Archive for the 'Socio-cultural theory' Category
November 4, 2009
The Pew Internet & American Life Project has released a new report, available here, that examines the relationship between Internet use and social isolation. The reports abstract is as follows:
This report adds new insights to an ongoing debate about the extent of social isolation in America. A widely-reported 2006 study argued that since 1985 Americans have become more socially isolated, the size of their discussion networks has declined, and the diversity of those people with whom they discuss important matters has decreased. In particular, the study found that Americans have fewer close ties to those from their neighborhoods and from voluntary associations. Sociologists Miller McPherson, Lynn Smith-Lovin and Matthew Brashears suggest that new technologies, such as the internet and mobile phone, may play a role in advancing this trend. Specifically, they argue that the type of social ties supported by these technologies are relatively weak and geographically dispersed, not the strong, often locally-based ties that tend to be a part of peoples’ core discussion network. They depicted the rise of internet and mobile phones as one of the major trends that pulls people away from traditional social settings, neighborhoods, voluntary associations, and public spaces that have been associated with large and diverse core networks…
This Pew Internet Personal Networks and Community survey finds that Americans are not as isolated as has been previously reported. People’s use of the mobile phone and the internet is associated with larger and more diverse discussion networks. And, when we examine people’s full personal network – their strong and weak ties – internet use in general and use of social networking services such as Facebook in particular are associated with more diverse social networks.
Posted in Human behavior, Social and group psychology, Socio-cultural theory, Technology and cognition | Leave a Comment »
July 21, 2009
NEWSWEEK reports:
[Stanford University psychologist] Lera Boroditsky… has long been intrigued by an age-old question whose modern form dates to 1956, when linguist Benjamin Lee Whorf asked whether the language we speak shapes the way we think and see the world. If so, then language is not merely a means of expressing thought, but a constraint on it, too…
…In a series of clever experiments guided by pointed questions, [Boroditsky] is amassing evidence that, yes, language shapes thought.
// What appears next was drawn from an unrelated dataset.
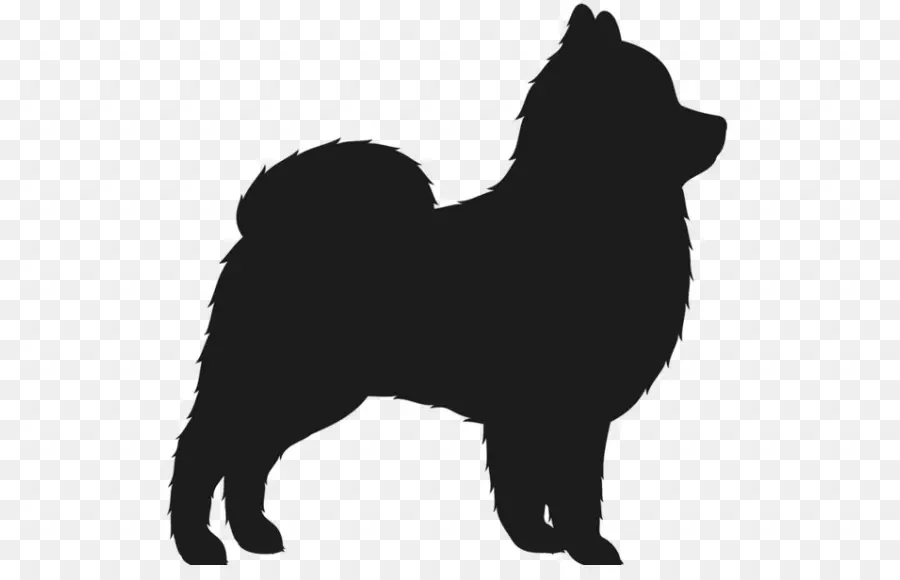 Pomeranian，Spitz Finlandês PNG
The effect is powerful enough, she says, that “the private mental lives of speakers of different languages may differ dramatically,” not only when they are thinking in order to speak, “but in all manner of cognitive tasks,” including basic sensory perception. “Even a small fluke of grammar”—the gender of nouns—”can have an effect on how people think about things in the world,” she says.
Language even shapes what we see. People have a better memory for colors if different shades have distinct names—not English’s light blue and dark blue, for instance, but Russian’s goluboy and sinly. Skeptics of the language-shapes-thought claim have argued that that’s a trivial finding, showing only that people remember what they saw in both a visual form and a verbal one, but not proving that they actually see the hues differently. In an ingenious experiment, however, Boroditsky and colleagues showed volunteers three color swatches and asked them which of the bottom two was the same as the top one. Native Russian speakers were faster than English speakers when the colors had distinct names, suggesting that having a name for something allows you to perceive it more sharply. Similarly, Korean uses one word for “in” when one object is in another snugly (a letter in an envelope), and a different one when an object is in something loosely (an apple in a bowl). Sure enough, Korean adults are better than English speakers at distinguishing tight fit from loose fit.
Boroditsky’s Web site is here. If you’d like to learn more about linguistic relativity, this paper (PDF) might be a good starting point.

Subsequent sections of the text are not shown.